About the host Rik Verhalle
Rik studied architecture and is a city guide in Eindhoven. Every month he shares a tip.
Like every year, the faculty of Built Environment attracts many new students. Our city guide Rik also attended his training here. This month he shares a tip for everyone visiting the TU/e Campus: take a closer look at the faculty building Vertigo. You might even spot the Sagrada Familia ... Wait, what?
Vertigo is the big green building that looms up as you approach the university. An impressive welcome to visitors, with the letters 'TU/e' clearly visible on the roof. This was once home to the faculty of chemical engineering and chemistry. When the Built Environment faculty moved into this building in 2002, they decided to radically renovate. On the concrete skeleton a new surface was placed, with glass strips and large areas of screen-printed glass.
The pattern of stripes on the facade is a print of the scaffolding of Gaudi's Sagrada Familia. It symbolises the educational character of the building in which the process is more important than the result. "Here your mind is on the scaffolding”, Rik explains. Inside there is indeed plenty of room for the development of the student. Downstairs is the workshop where students work on models and where you can buy materials for your project.
But even if you’re not a student you are welcome to be inspired here. Take the 'lazy stairs' (stairs with a small slope) to the exhibition space Plaza on the first floor. Casa Vertigo regularly organises interesting exhibitions in the field of art, culture and technology. You can also grab a coffee at the mini Starbucks here.

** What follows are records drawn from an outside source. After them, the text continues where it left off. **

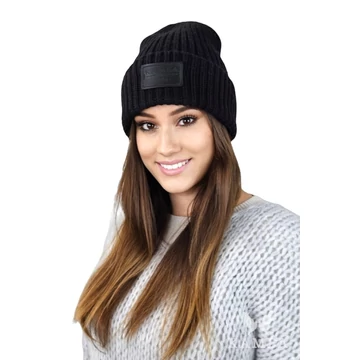 Sápka model 205324 Kamea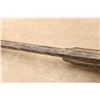 Image 19 : Benelli Super Black Eagle 3 Mossy Oak Bottomland Camo 28" 12 Ga 3.5" Semi Auto Shotgun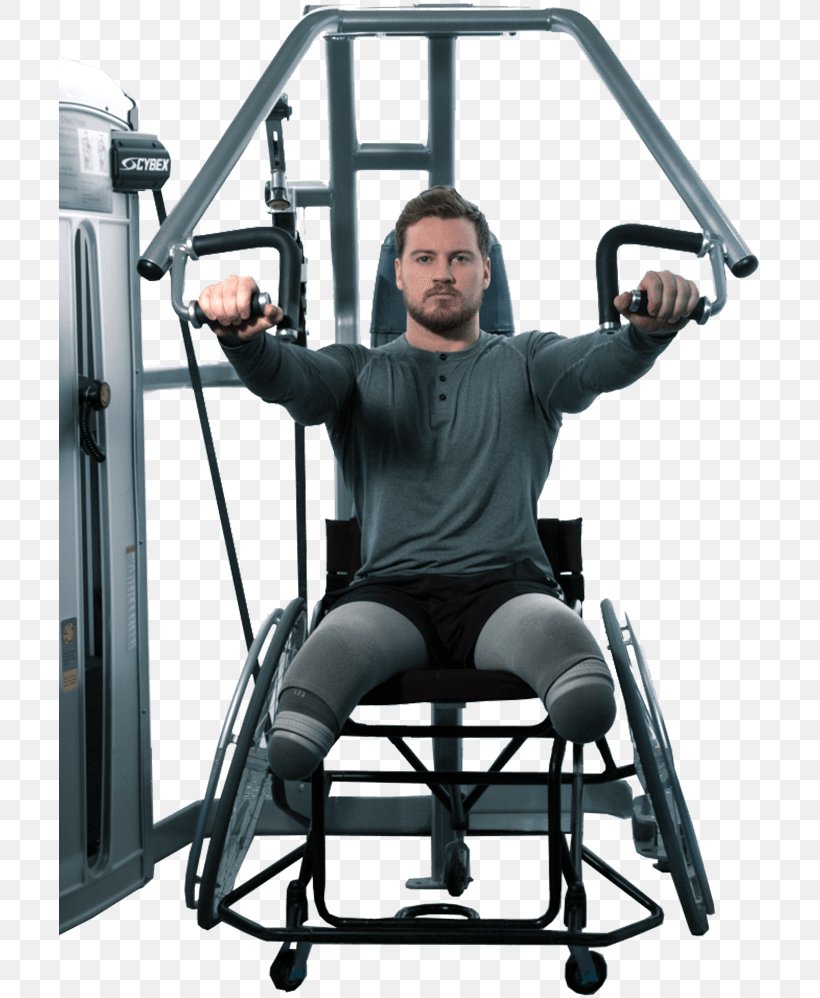 Physical Fitness Shoulder Fitness Centre Olympic Weightlifting Machine, PNG, 702x998px, Physical Fitness, Arm, Exercise Equipment, Exercise Machine, Fitness Centre Download Free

The study programme in Eindhoven is known for its broad basis. In the beginning you get subjects from building planning to construction theory. After that, you go into depth with the master's programmes and work towards your own specialisation. Rik explains how you are challenged to think about social problems and realistic solutions. The TU/e is also highly innovative. For example, it is currently involved in the realization of the world's first, truly inhabited 3D-printed houses that will soon appear in Meerhoven, a popular neighborhood in Eindhoven. The announcement of this unique construction project this year made the news from CNN to the Guardian.